Ezekiel J. Emanuel

How many years did they have to get it ready?

WASHINGTON — When Rahm Emanuel was White House chief of staff and Ezekiel Emanuel was helping draft the Affordable Care Act, the famously combative brothers clashed over the health care law.

“He thought we should have done something more incremental, that doing something comprehensive is not in the nature of the American health care system, and I thought doing something more comprehensive was absolutely essential to actually fixing the health care system,” Zeke Emanuel said in an interview on USA TODAY’s Capital Download. President Obama backed a comprehensive overhaul, but when the roll-out of the healthcare.gov exchanges went badly this fall, Rahm Emanuel wasn’t shy about saying I-told-you-so.

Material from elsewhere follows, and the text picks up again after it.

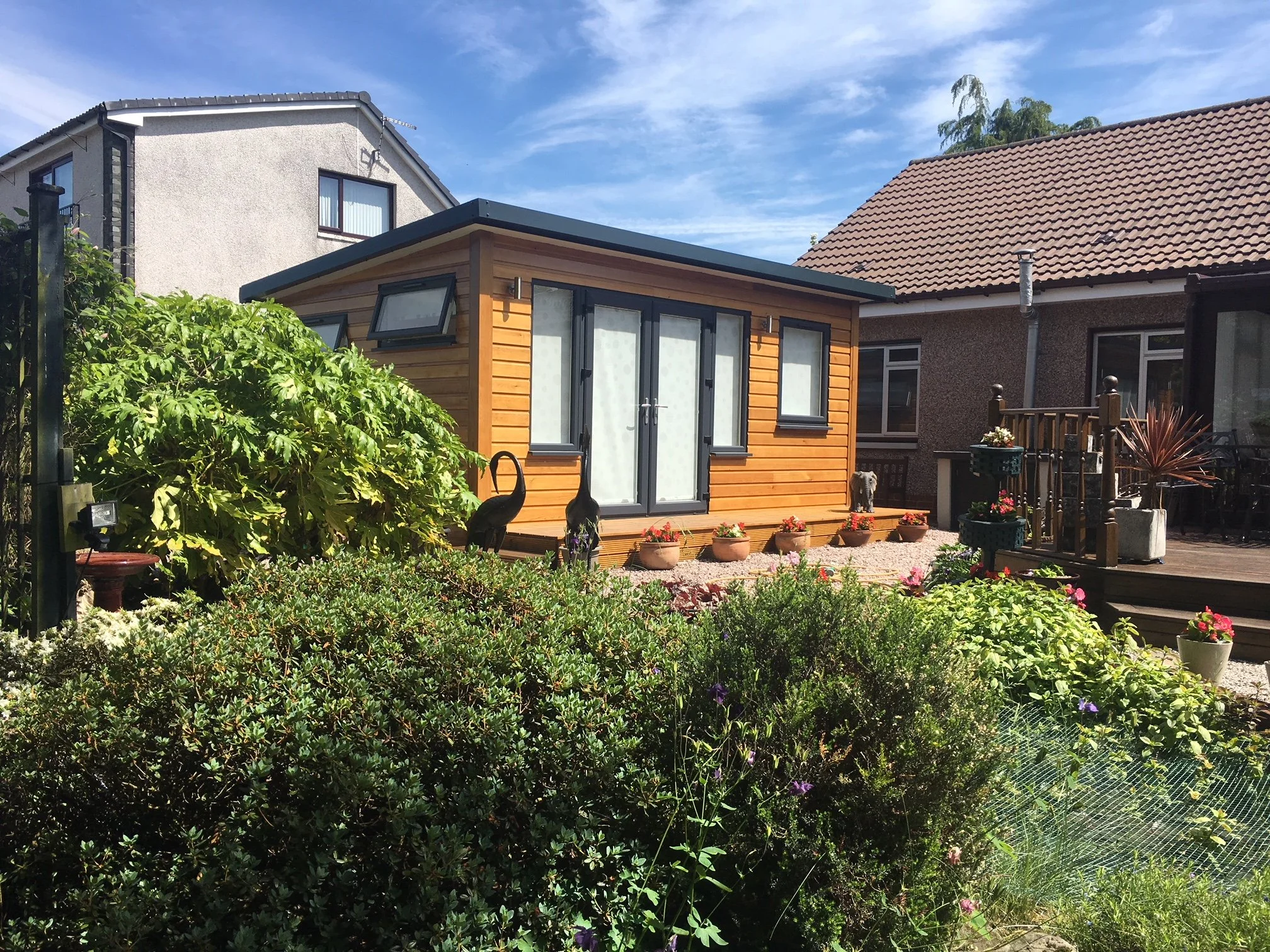 A backyard garden with a small wooden house, surrounded by green plants, shrubs, and colorful potted flowers, under a blue sky with some clouds.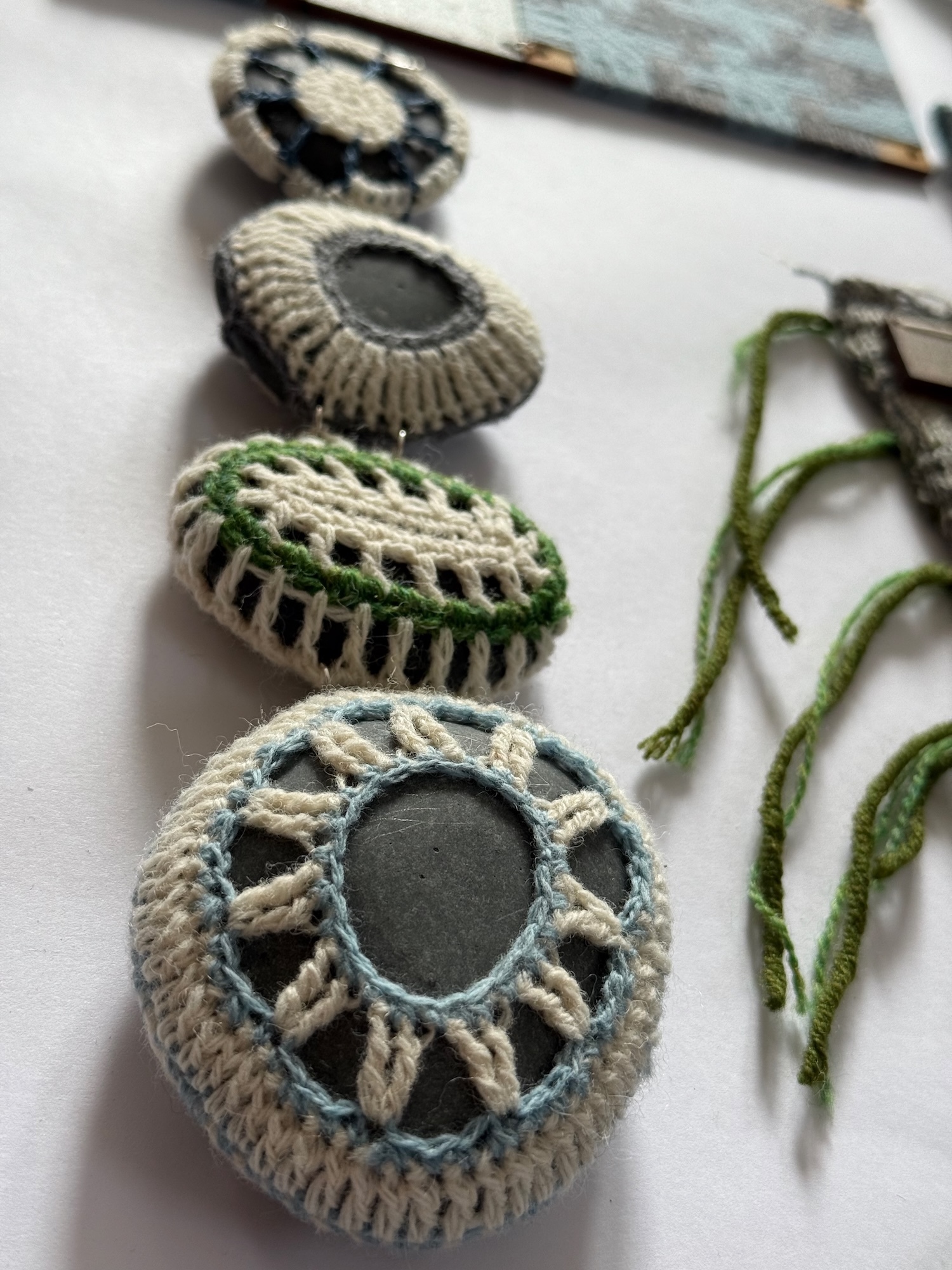 Four crocheted stone covers in grey, green and blue yarn with decorative patterns, arranged vertically on white surface with yarn strands.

“Ever call me? How about every day,” Zeke Emanuel told the weekly video newsmaker series. He imitated the razzing query posed by his brother, now the mayor of Chicago: “How we doing, Zeke?”

But now, the prominent health policy analyst says the technical problems that have dogged the website are being solved and “will soon be forgotten.” In the end, he predicts, the law will succeed in transforming the American health care system, though he says a judgment on whether it fully has worked probably can’t be made for another two years, until the end of 2015. […]

What went wrong?

“Partially it is 14 months of very hard work on this piece of legislation and then a sense of exhaustion,” he suggests. “We got it passed, and then moved on and by the time people sort of began to pay attention, a structure had been put in place, then inertia takes over.”

Now common-sense measures, including an intensive effort to fix the glitches and the decision to put a single person in charge, are turning things around, he says.

Emanuel declines to say whether officials should resign or be fired as a result of the problems, and he offers a qualifier when asked if that sort of accountability would be taking place in the private sector after such a stumble. “It is always worth noting that in many private-sector companies, they don’t roll heads immediately,” he says. “They get the problem solved and then they tend to roll heads.”